Mr. Bolsonaro was still required to get separate permission from a different government body to sell the gifts, but he did not. Investigators have said Mr. Bolsonaro and his aides also tried to cover up the sales by using cash when they could or, in some cases, not disclosing the foreign gifts at all. The Rolex sold in Pennsylvania was disclosed as a gift from Saudi Arabia. But the Patek Phillipe watch was never reported, and police officials believe it came from officials in Bahrain.

When Mr. Dantas’s watchdog court learned of the jewelry this year, it ordered Mr. Bolsonaro to return it.

In March, Frederick Wassef, Mr. Bolsonaro’s former lawyer, flew to Pennsylvania and repurchased the Rolex for $49,000, the police said.

Yet last week, when asked about the Rolex, Mr. Wassef told the Brazilian news site g1: “I’ve never seen that watch.” He added, “I dare you to prove it.”

News sites then published the receipt with his name on it. Mr.
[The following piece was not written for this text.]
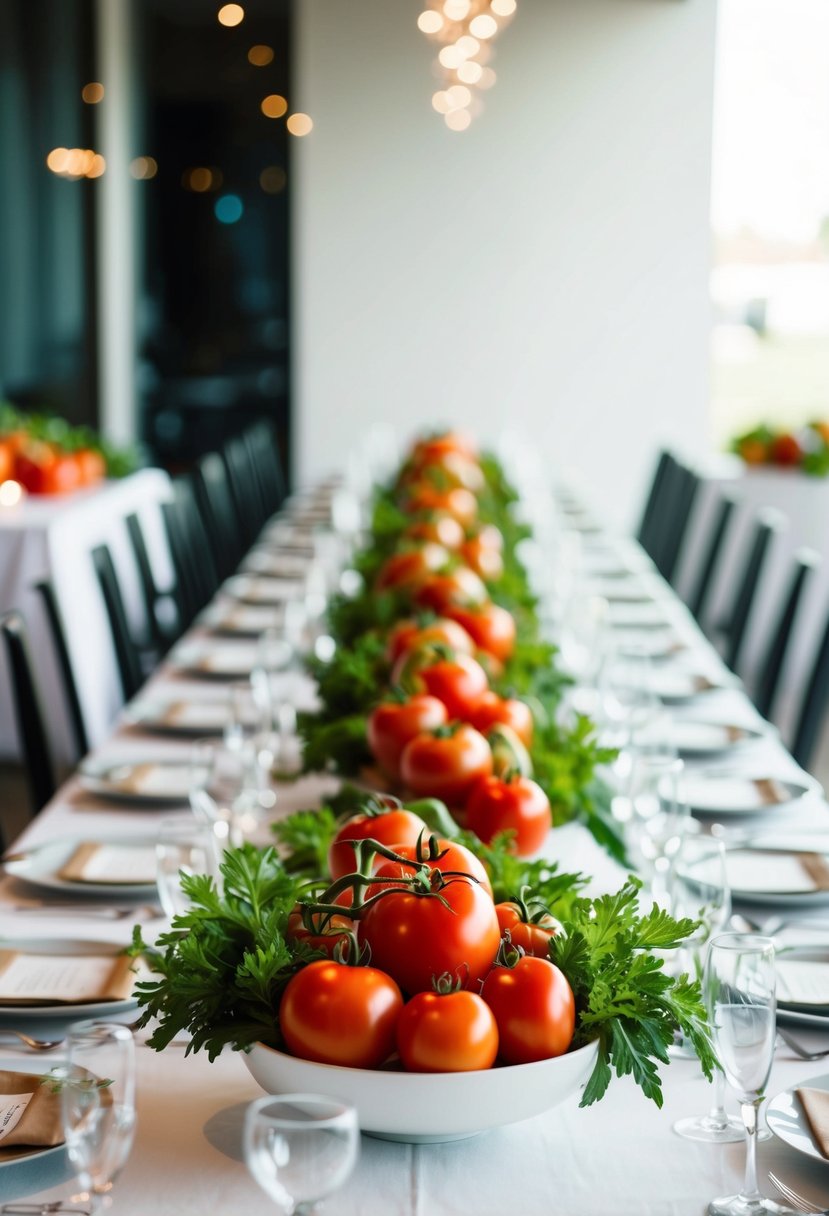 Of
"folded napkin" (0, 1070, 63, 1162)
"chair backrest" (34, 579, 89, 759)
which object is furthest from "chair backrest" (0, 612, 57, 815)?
"folded napkin" (0, 1070, 63, 1162)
Wassef admitted he repurchased the watch, but said Mr. Bolsonaro had not sent him.

The foreign jewels case, along with most of the investigations into Mr. Bolsonaro, is being overseen by Alexandre de Moraes, a Supreme Court justice who has become one of Brazil’s most powerful and polarizing figures. He has acted as the primary check on Mr. Bolsonaro’s power for years, taking ownership of most of the cases involving the former president. Last week, he authorized authorities to gain access to the foreign bank accounts of Mr. Bolsonaro and his wife.

Federal police officials also obtained Mr. Cid’s WhatsApp messages, showing his efforts to sell the jewelry and deliver cash to Mr. Bolsonaro. In one exchange on Jan. 18 with another aide to Mr. Bolsonaro, Mr. Cid said in an audio message that his father had $25,000 for the former president. “He would deliver it by hand,” he said. “The less movement in the account, the better, right?”
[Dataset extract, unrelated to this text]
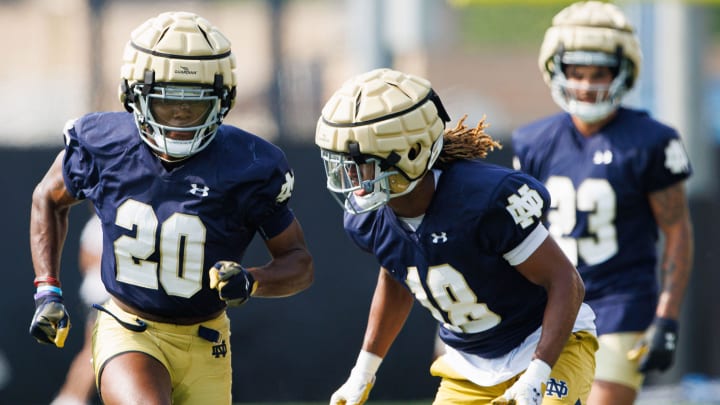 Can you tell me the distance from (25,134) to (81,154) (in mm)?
6440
Mr. Cid has been in jail for months on charges that he helped falsify Mr. Bolsonaro’s vaccine records. Mr. Cid’s lawyer told reporters last week that Mr. Bolsonaro had ordered Mr. Cid to sell the jewelry.

Mr. Bolsonaro has denied receiving any money from the sales and said that Mr. Cid was acting on his own. “My brand is honesty and always will be,” he said. “There is nothing concrete against me.”

Paulo Motoryn contributed reporting from Brasília, and Ana Ionova from Rio de Janeiro.